The market’s story in January was that Fed tightening was about to change the investment landscape for the worse. But in the past few days stocks have bounced, apparently no longer so alarmed, says Marvin Appel of Signalert Asset Management.

The chart below shows the 7% rally in QQQ from the January 27 closing low. PowerShares QQQ Trust Ser 1 (QQQ) has been particularly sensitive to the prospect of higher interest rates, as it is filled with richly valued companies whose future earnings are not as valuable when discounted by higher interest rates. But the bounce from January 27 has seen QQQ rise more than the S&P 500 ETF Trust (SPY). Meanwhile, breakeven inflation implied by the Treasury market remains well under control, and 10-year Treasury note yields are stable this year in the 1.75%-1.85% area. All of this suggests that the markets have faith that the Federal Reserve can engineer a soft landing (raising rates and controlling inflation without precipitating a recession or bear market). The last time that happened was in 1994.

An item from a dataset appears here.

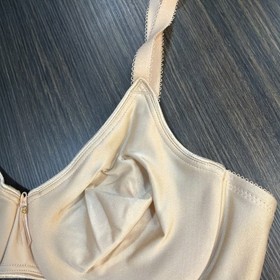NWOT Wacoal Nude Plain  36C Padless Bra With Underwire 85182 Dead stock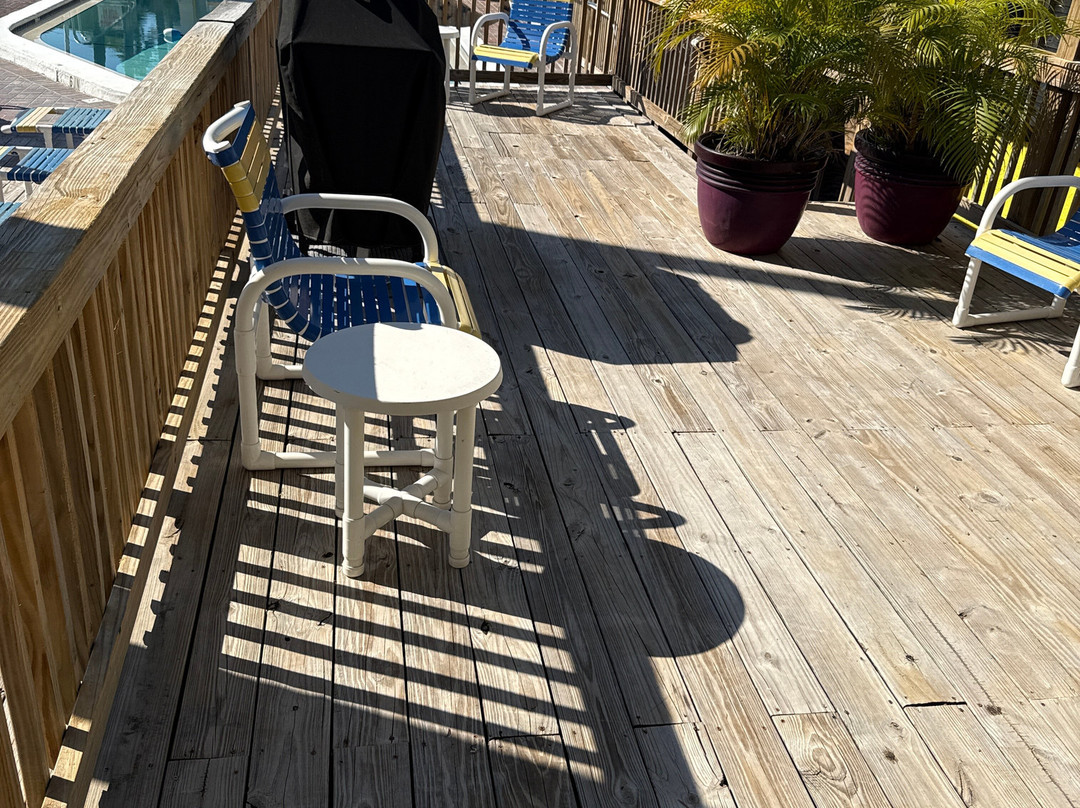 Barefoot Bay Resort and Marina主图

I will be keeping an eye on high-yield bond funds as a warning regarding economic conditions. As long as high-yield bonds are stable, recession risk is low and losses in stocks, if any, should be modest. I expect the S&P 500 to retest its January 24 intra-day low in the 4260 area at some point in the first quarter, but if that's as bad as it gets, I would consider ourselves very lucky.